[Crawled caption data]
========================
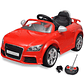 Carro Audi TT RS para crianças com controlo remoto - vermelho - Thumbnail 2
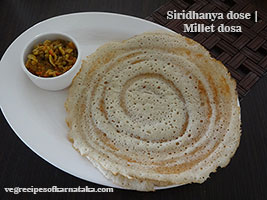 millets or siridhanya dose recipe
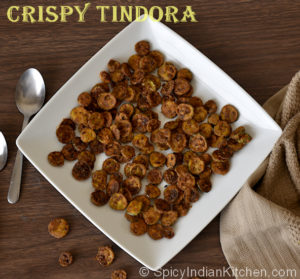 Read more about the article Crispy Tindora Fry | Kovakkai Varuval | Dondakaya Fry | Fried Ivy gourd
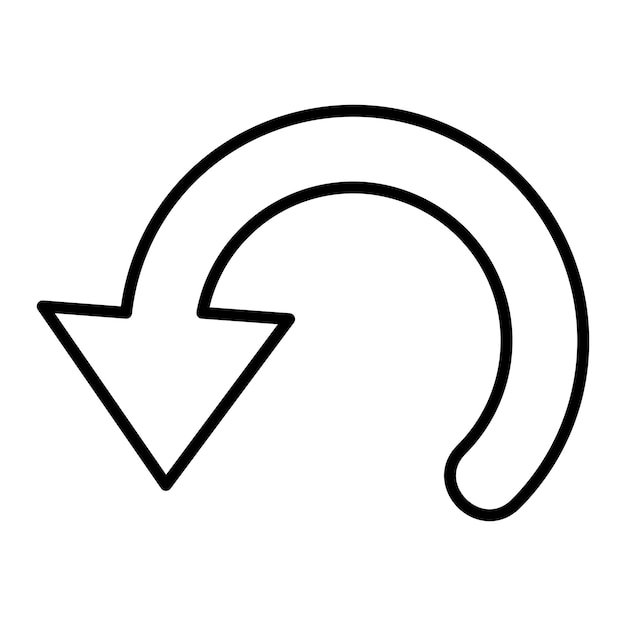 Vector vector design curved down icon style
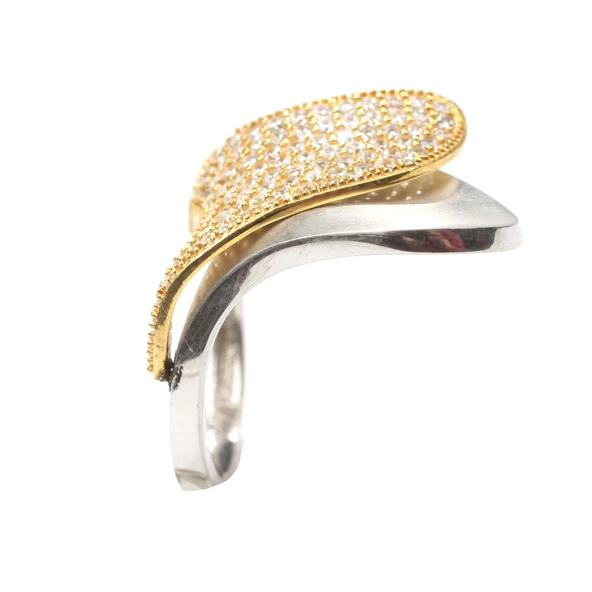 925 Ayar Gümüş Dil Model Yüzük - Resim 6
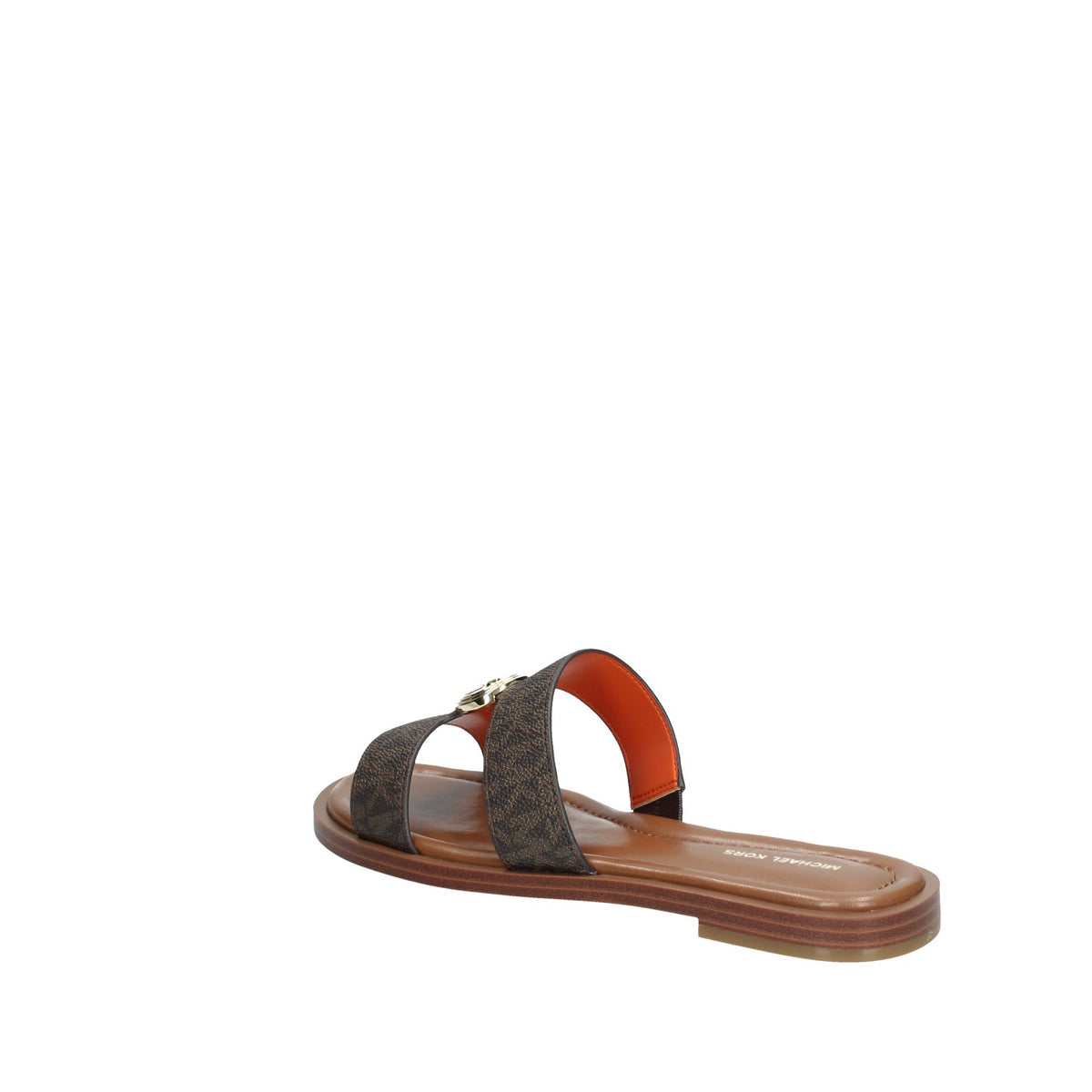 MICHAEL KORS SANDALO DONNA PIATTO IN PELLE CON TOMAIA LOGATA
========================
## TASK DETAILS
Output the entries above exactly as given, but strip out the pictures.

## COMPLETED TASK
 Carro Audi TT RS para crianças com controlo remoto - vermelho - Thumbnail 2
 millets or siridhanya dose recipe
 Read more about the article Crispy Tindora Fry | Kovakkai Varuval | Dondakaya Fry | Fried Ivy gourd
 Vector vector design curved down icon style
 925 Ayar Gümüş Dil Model Yüzük - Resim 6
 MICHAEL KORS SANDALO DONNA PIATTO IN PELLE CON TOMAIA LOGATA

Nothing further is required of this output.